On 10 April 2012 02:24, Peter Keller <psilord@...> wrote:
(Adding sbcl-devel to the mix, because there are a couple of people
who may have smart things to say who don't necessarily follow -help.)
> What are some tricks I can do to get gdb and SBCL to play together nicely?
> I often get the "continuing with fingers crossed" and whatnot even before
> I get up to a prompt in SBCL.
One core trick is building SBCL --with-ud2-breakpoints (check the
exact feature name, that's from memory): otherwise SBCL uses SIGTRAP
(int3) for things like type-errors, which is liable to confused gdb as
it uses SIGTRAP for its own breakpoints.

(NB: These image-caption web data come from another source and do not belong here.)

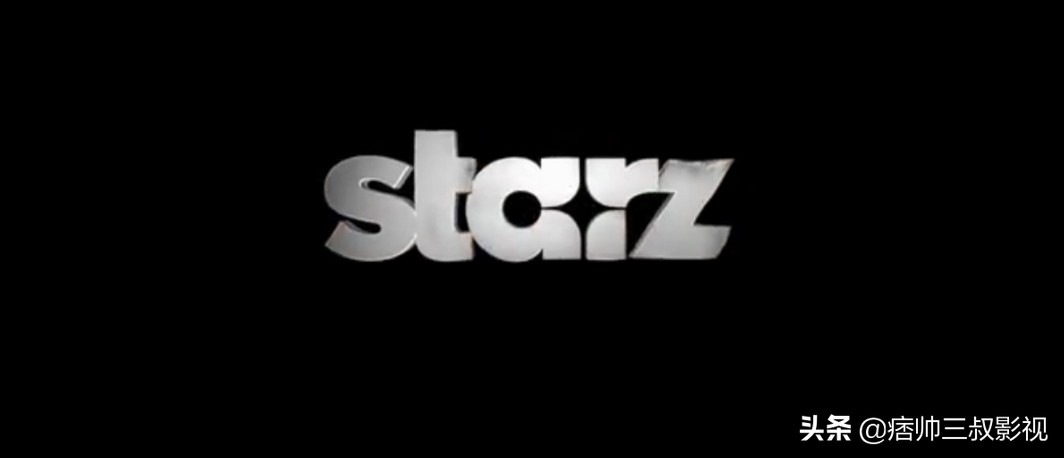 starz出品,starz出品的美剧手机观看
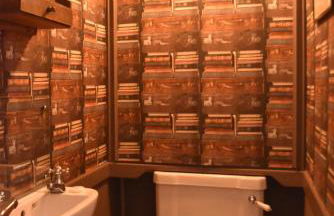 Little Turret - Foto 10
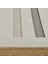Piana Albus 200x290 cm Salon Halısı 4
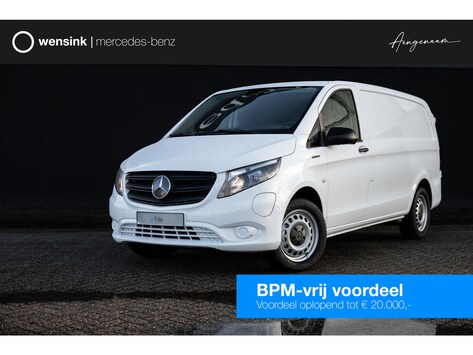 voertuig afbeelding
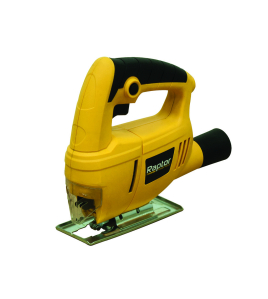Прободен трион 400W Rapter RR JS-10,RR44230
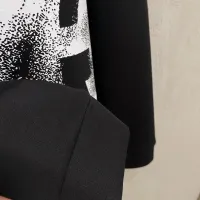 Cheap Gucci Hoodies Long Sleeved For Men #1412805 Replica Wholesale [$82.00 USD] [ITEM#1412805] on Replica Gucci Hoodies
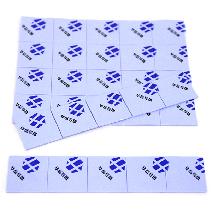 PUS-QXuyTSeEJDm-JB6WNQ.jpg_212xa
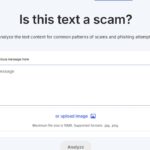 Arnaques, phishing : cet outil gratuit de NordVPN va vous sauver la mise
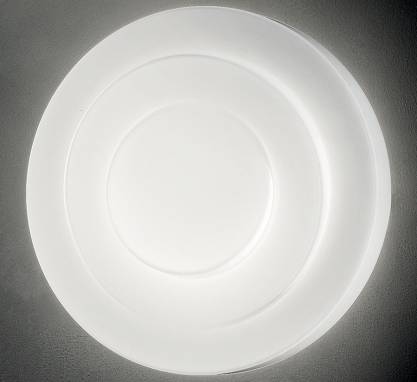 Светильник  настенный накладной (Бра)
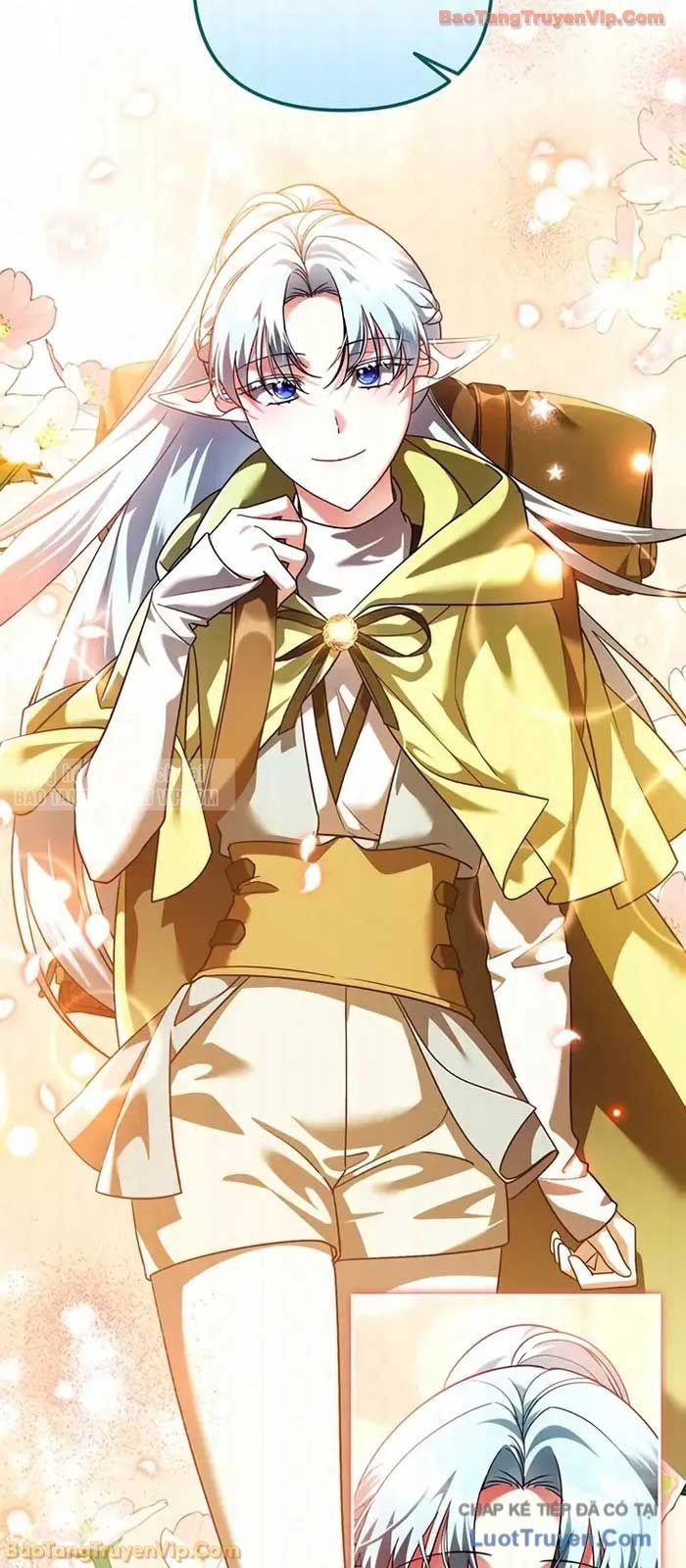 Bản Ngã Thay Đổi Chap 69 - Next Chap 68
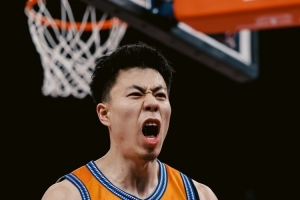 火爆世界杯乌拉圭vs佛得角直播高清流畅_火爆世界杯乌拉圭vs佛得角直播高清流畅在线观看_免费看直播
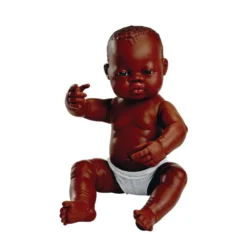 Newborn Dolls - Set of 8, 16" Dolls
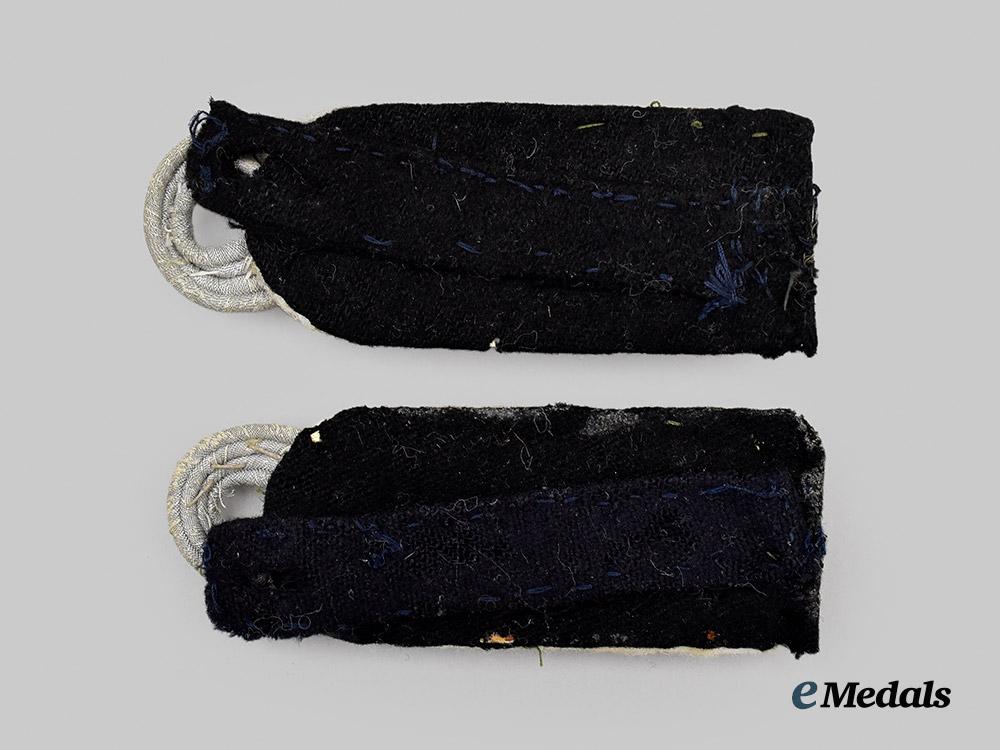 germany,_s_s._a_set_of_waffen-_s_s_infantry_standartenführer_shoulder_boards___m_n_c1875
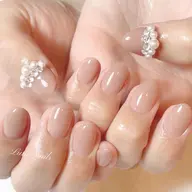 美フォルムワンカラー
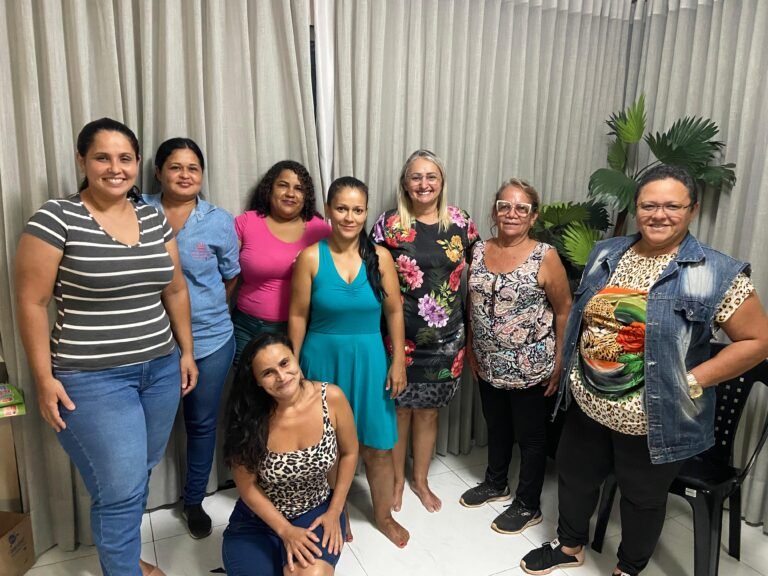 Últimas Notícias 9 Vereadora Márcia Socorristas Animais anuncia instalação de clínica veterinária pública em Porto Velho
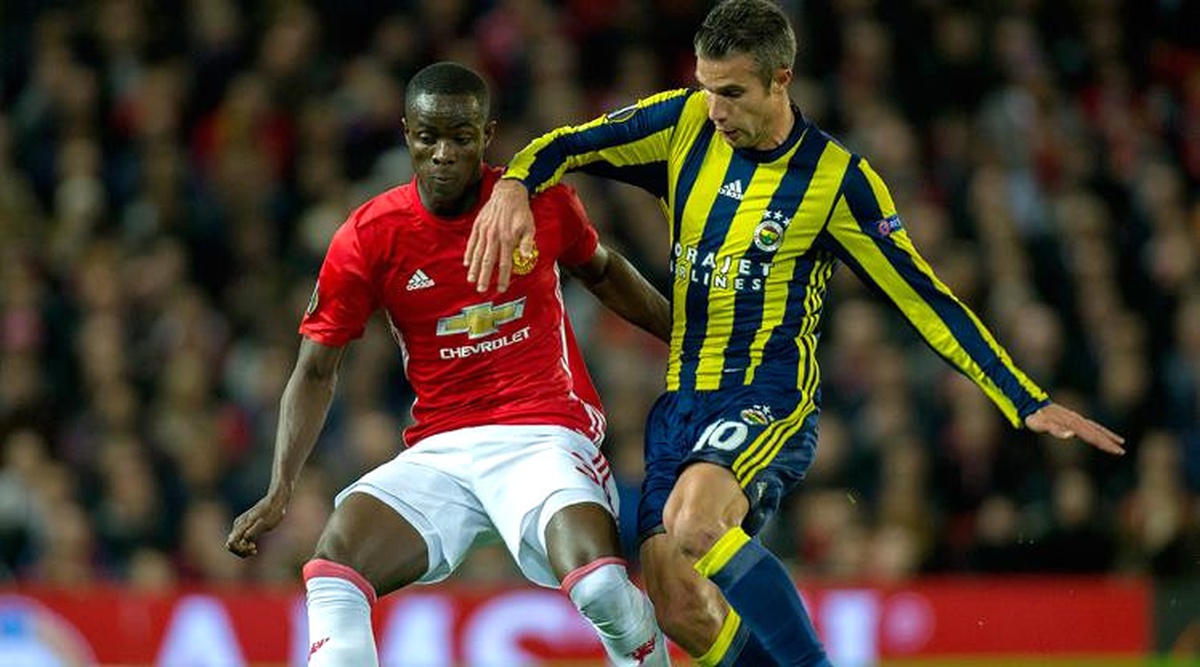 Manchester United-Fenerbahçe Maçının Ardından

This changes SBCL to use
SIGILL instead.
> What signals should I ignore, is there a nice way to get a backtrace through
> the lisp function calls as I unwind through them when starting from a C
> stack frame, etc, etc, etc.
SIGSEGV, SIGILL/SIGTRAP (see above), are the bare minimum.
For threads you want to give SBCL SIGPIPE as well, and if timers or
profiling is going on, SIGALRM and SIGPROF.
The the C function lisp_backtrace spits a lisp backtrace to stdout,
but it is probably far from ideal for yor purposes out of the box.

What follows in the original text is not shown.